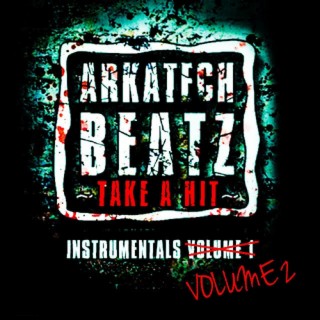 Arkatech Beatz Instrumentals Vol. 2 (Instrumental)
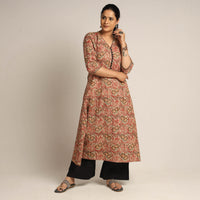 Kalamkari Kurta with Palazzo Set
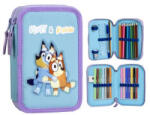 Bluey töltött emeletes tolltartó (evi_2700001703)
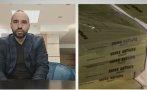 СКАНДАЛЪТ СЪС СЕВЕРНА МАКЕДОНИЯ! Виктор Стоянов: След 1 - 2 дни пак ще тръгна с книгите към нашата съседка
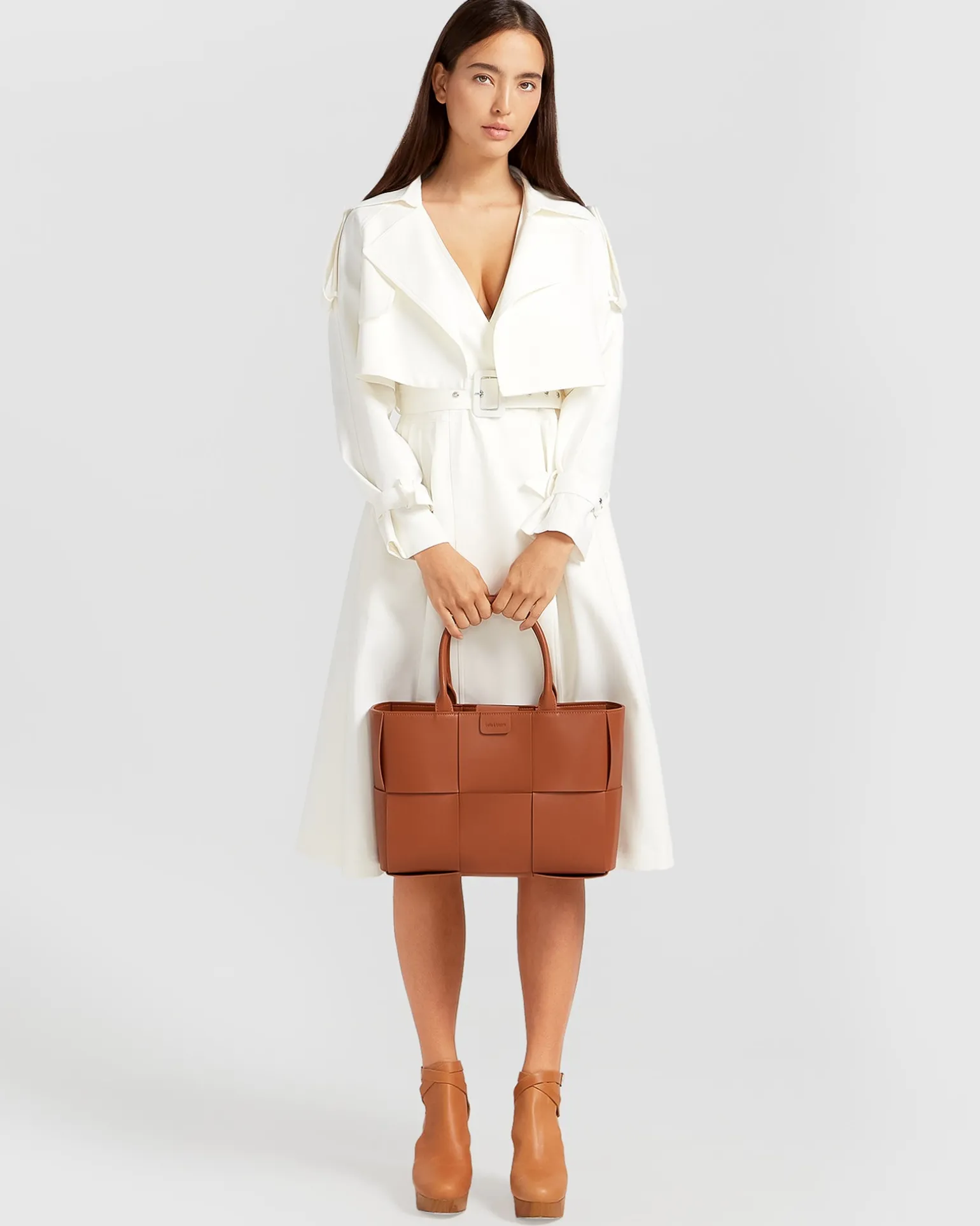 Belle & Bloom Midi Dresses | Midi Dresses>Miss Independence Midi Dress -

+===+

*WORK REQUEST*: In the data above, find the line containing "СКАНДАЛЪТ СЪС СЕВЕРНА", then output it and every later line exactly, without the pictures.

*WRITTEN RESPONSE*:
 СКАНДАЛЪТ СЪС СЕВЕРНА МАКЕДОНИЯ! Виктор Стоянов: След 1 - 2 дни пак ще тръгна с книгите към нашата съседка
 Belle & Bloom Midi Dresses | Midi Dresses>Miss Independence Midi Dress -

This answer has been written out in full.